Solution for GCP PubSub routine 502's, again

SophisticaSean opened this issue · comments

This PR did not fix this issue, nor does it attempt to retry 502's from google.

I just tested this in production against latest master/main in this repo and the 502's started showing up again.

503's are not retried, but should be:

Unable to fetch events from Cloud Pub/Sub. Reason: 
Request to "http://pubsub.googleapis.com/v1/projects/my-project/subscriptions/my-topic:pull" failed with status 503, got:

"upstream connect error or disconnect/reset before headers. reset reason: connection termination"

502's are not retried, but should be:

Unable to fetch events from Cloud Pub/Sub. Reason: 
Request to "http://pubsub.googleapis.com/v1/projects/my-project/subscriptions/my_topic:pull" failed with status 502, got:

My solution in this PR has been working for several months in production with 0 503 or 502 errors.

Running the current master code in production resulted in about 1-2 of these errors every couple hours. When I was on my fix in production we hadn't had one of these errors since March 3rd 2021.

@wronfim since you wrote the PR I thought you should know.

here's a datadog screenshot of these errors in the last month, 0 before I swapped to using master and now we're seeing them routinely:

@SophisticaSean thank you for taking the time to test the master branch and reporting the issue.

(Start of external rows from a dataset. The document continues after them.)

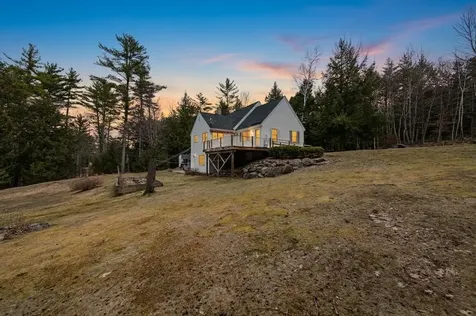 126 Hobart Hill Road Hebron NH 03241
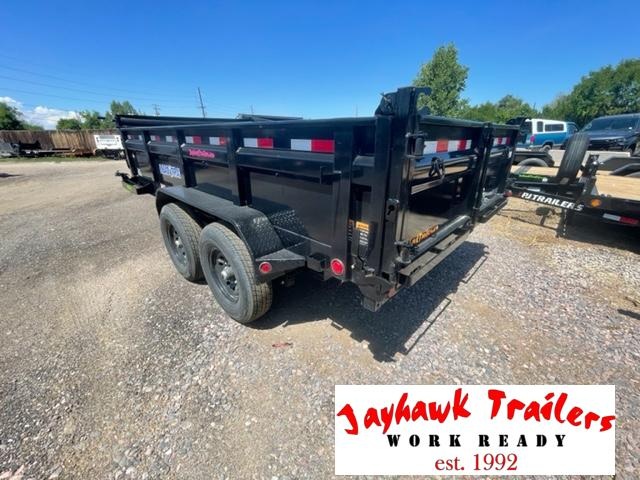 2022 Load Trail 83-14Dump 2022 Load Trail 83-14Dump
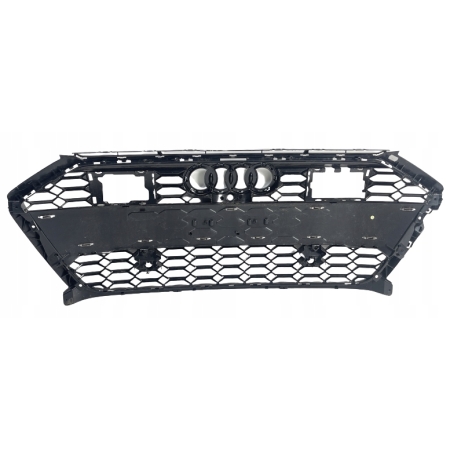 : AUDI RS6 RS7 C8 4K8 19- ATRAPA GRILL 4K8853651F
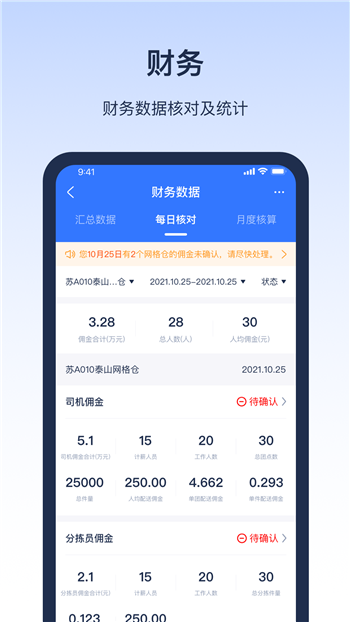 网格仓老板图2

I was able to reproduce this with an integration test:

and you're totally right, the retry logic was not executed for http errors. It would only be triggered for socket errors like :nxdomain and such.

The fix is simply:

diff --git a/lib/broadway_cloud_pub_sub/google_api_client.ex b/lib/broadway_cloud_pub_sub/google_api_client.ex
index d86aa1d..8784e68 100644
--- a/lib/broadway_cloud_pub_sub/google_api_client.ex
+++ b/lib/broadway_cloud_pub_sub/google_api_client.ex
@@ -55,7 +55,7 @@ defmodule BroadwayCloudPubSub.GoogleApiClient do
     %{client | adapter: adapter, pre: client.pre ++ pre}
-  defp should_retry?({:error, %{status: code}}), do: code in @retry_codes
+  defp should_retry?({:ok, %{status: code}}), do: code in @retry_codes
   defp should_retry?({:error, _reason}), do: true
   defp should_retry?(_other), do: false

@wronfim if you, or anyone else, would like to submit the fix along with the proper test setup with bypass (which doesn't require hardcoding the test url like I did) that'd be very appreciated.

Good catch! I'm on it.

@SophisticaSean meanwhile you can implement your own should_retry?/1 function and pass it to the retry opts.

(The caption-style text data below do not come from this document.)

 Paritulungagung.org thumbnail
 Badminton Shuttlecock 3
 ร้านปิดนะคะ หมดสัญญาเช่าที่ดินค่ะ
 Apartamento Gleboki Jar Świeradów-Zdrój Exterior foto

  defp should_retry?({:error, %{status: code}}), do: code in @retry_codes
  defp should_retry?({:ok, %{status: code}}), do: code in @retry_codes
  defp should_retry?({:error, _reason}), do: true
  defp should_retry?(_other), do: false

Thanks for getting to this so quickly! I'm excited to try the new changes soon. :)

Closing in favour of PR #60